While some retailers are reporting a drop in profits, Westfield has achieved an 18.3 per cent increase of up to $1.72 billion on the prior year.

Meanwhile, earnings before interest and tax was $2.12 billion, up 3 per cent on the prior year. Net property income was $2.02 billion, in line with the previous year and up 7 per cent adjusted for divestments.

Westfield Group Co-CEOs, Peter Lowy and Steven Lowy said: “This has been a significant year for the Group as we continued to position WDC to generate greater shareholder value.

“The performance for the year has been very good and in line with expectations.”

For the 12 months, comparable property net operating income for the Group was up 3.3 per cent on the prior year with the United States up 4.2 per cent, Australia/New Zealand up 2.9 per cent and United Kingdom up 0.4 per cent.

The global portfolio at 31 December 2012 was 97.8 per cent leased, up 30 basis points on the prior year. In the United States the portfolio was 94.4% leased, up 130 basis points, the United Kingdom up 50 basis points to 99.5 per cent, Brazil at 93.3 per cent and the Australian/New Zealand portfolio remaining over 99.5 per cent leased.

WDC’s global portfolio achieved specialty sales productivity of US$701 per square foot, for the 12 months to 31 December 2012, up 3.0 per cent on the prior year. Comparable specialty retail sales were up 6.3 per cent in the United States, up 0.5 per cent in Australia, up 0.1 per cent in New Zealand and up 12.8 per cent in Brazil for the 12 month period.

“In Australia, whilst retail conditions have been subdued for most of the year the business has performed well. Sales productivity of specialty stores remains high at $9,887 per square metre and we continue to see demand for space from both domestic and international retailers,” Steven Lowy said.

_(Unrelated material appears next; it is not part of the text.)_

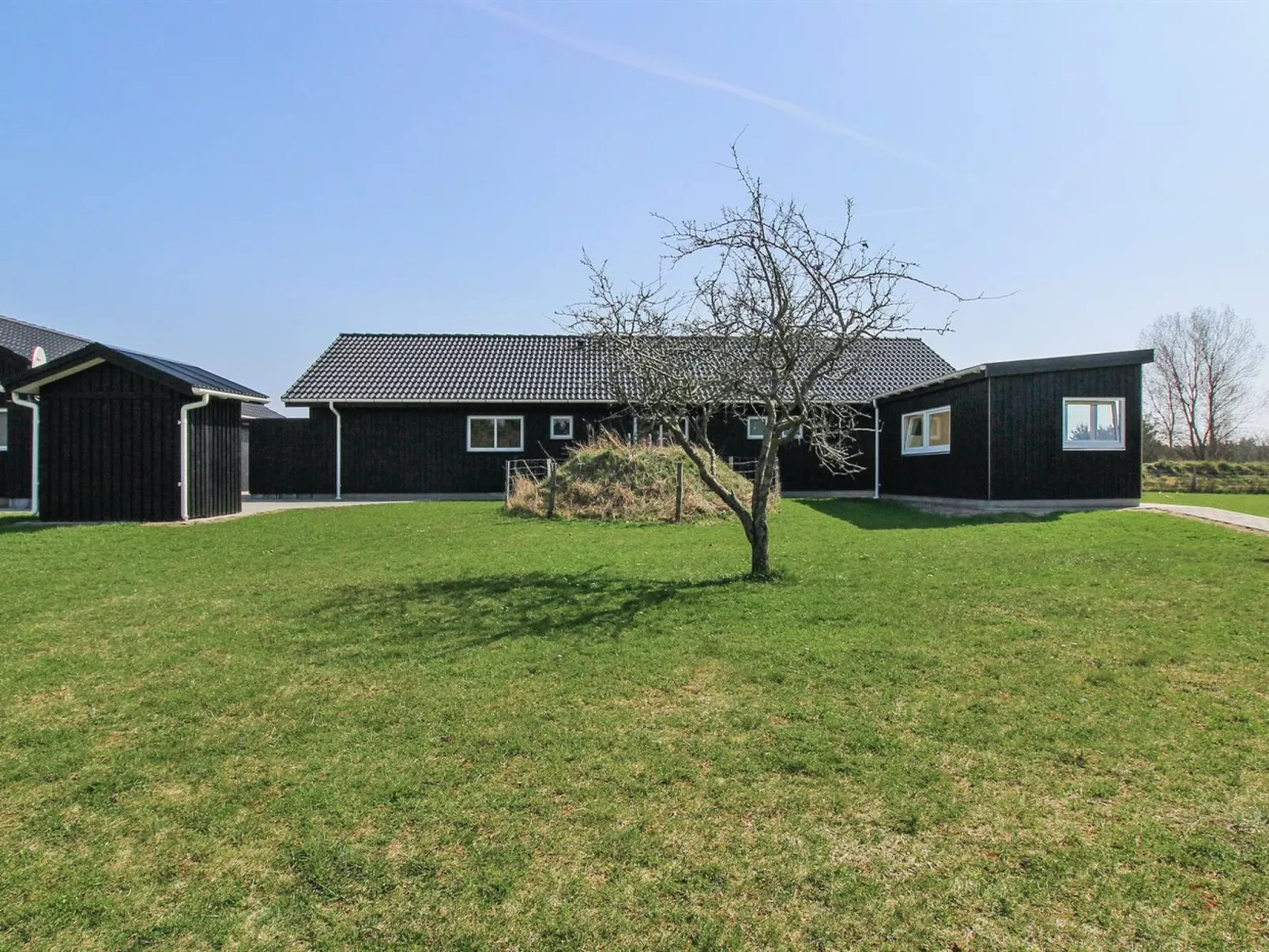 "Ethel" - 1.5km to the fjord-Buiten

For 2013, the group expects to commence between $1.25 billion and $1.5 billion of new developments. Developments are anticipated to commence at
Miranda in Sydney, Mt Gravatt in Brisbane and at Bradford in the United Kingdom, with works having commenced on the US$150m redevelopment at Garden State Plaza in New Jersey and the US$90m redevelopment at Montgomery in Maryland.